= 2018 Road to the Kentucky Derby =

Preliminary races prior to 2018 Kentucky Derby

The 2018 Road to the Kentucky Derby was a series of races through which horses qualified for the 2018 Kentucky Derby, which was held on May 5. The field for the Derby was limited to 20 horses, with up to four 'also eligibles' in case of a late withdrawal from the field. There were three separate paths for horses to take to qualify for the Derby: the main Road consisting of 34 races in North America plus one in Dubai, the Japan Road consisting of three races in Japan, and a new European Road consisting of seven races in England, Ireland and France.
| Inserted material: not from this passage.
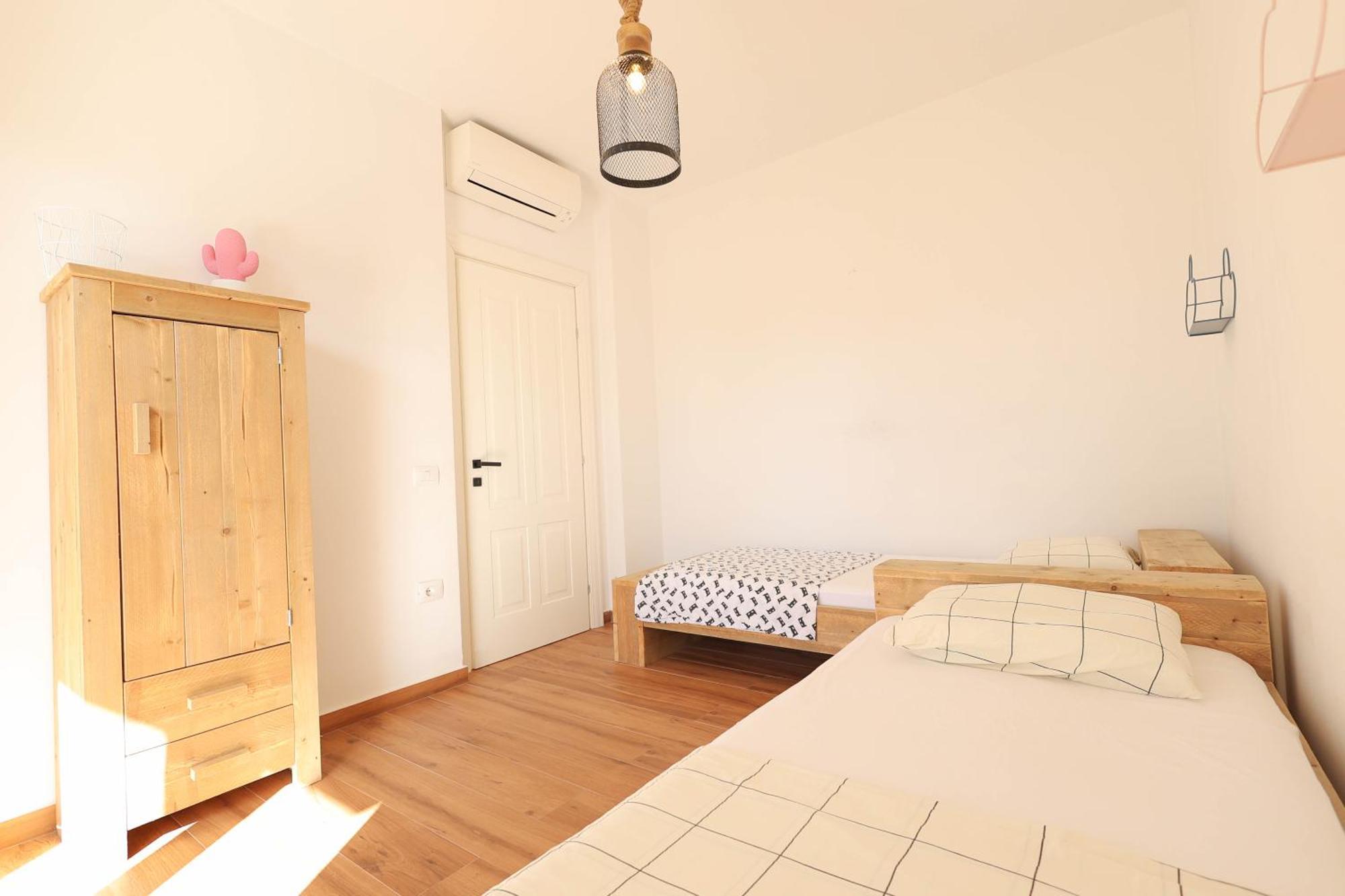 Grandstay Villa Perla Resort Durres Bagian luar foto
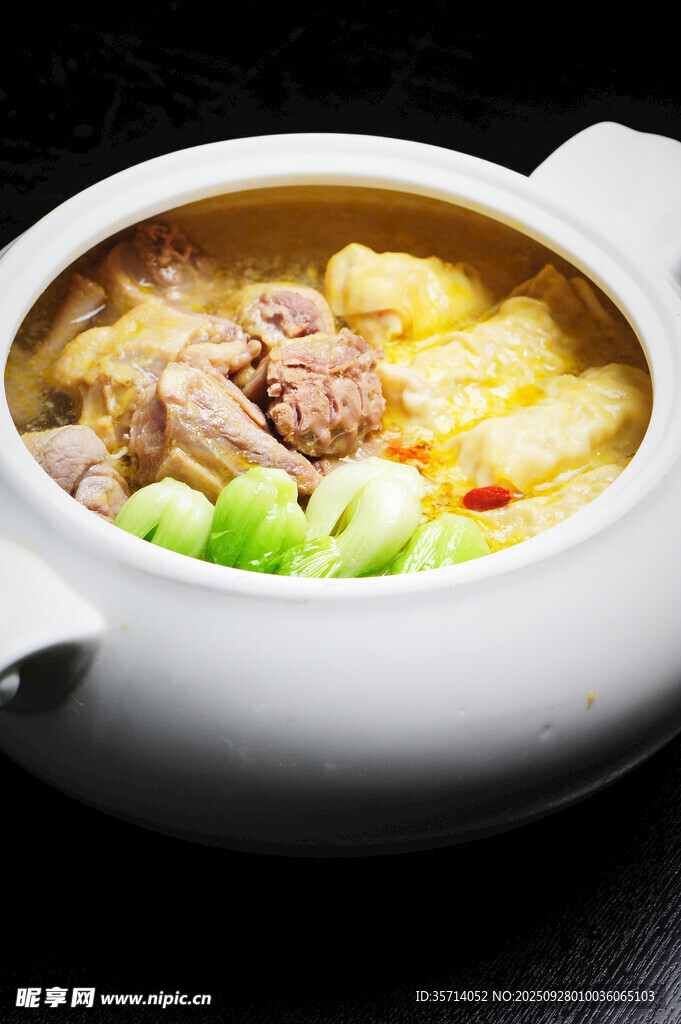 美味排骨炖菜砂锅料理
The races in the Road to the Kentucky Derby were held from September 2017 (when the horses were two) through April 2018 (when they had turned three). The top four finishers in the specified races earned points, with the highest point values awarded in the major preparatory races held in late March or early April. Earnings in non-restricted stakes acted as a tie breaker.

==Changes from 2017 series==
For 2018, several changes were made from the 2017 series:
- Race changes: Added the Springboard Mile to the main series. Added a third race to the Japan series.
- Points system changes: Jeff Ruby Steaks, formally the Spiral Stakes moved to a "Wild Card" race, along with the Lexington Stakes. Points for these races will now be awarded on 20-8-4-2 basis, which is a decrease for the Jeff Ruby and an increase for the Lexington
- Rules changes: European Road to the Kentucky Derby introduced on a similar basis to the Japan Road. Consists of seven races, four of them on the turf and three on a synthetic surface.

The Delta Downs Jackpot Stakes, which would have been the 36th race in the main series, was cancelled in the aftermath of Hurricane Harvey.

==Main Road to the Kentucky Derby==
===Standings===

The following table shows the points earned in the eligible races for the main series. Entries for the Derby were taken on May 1.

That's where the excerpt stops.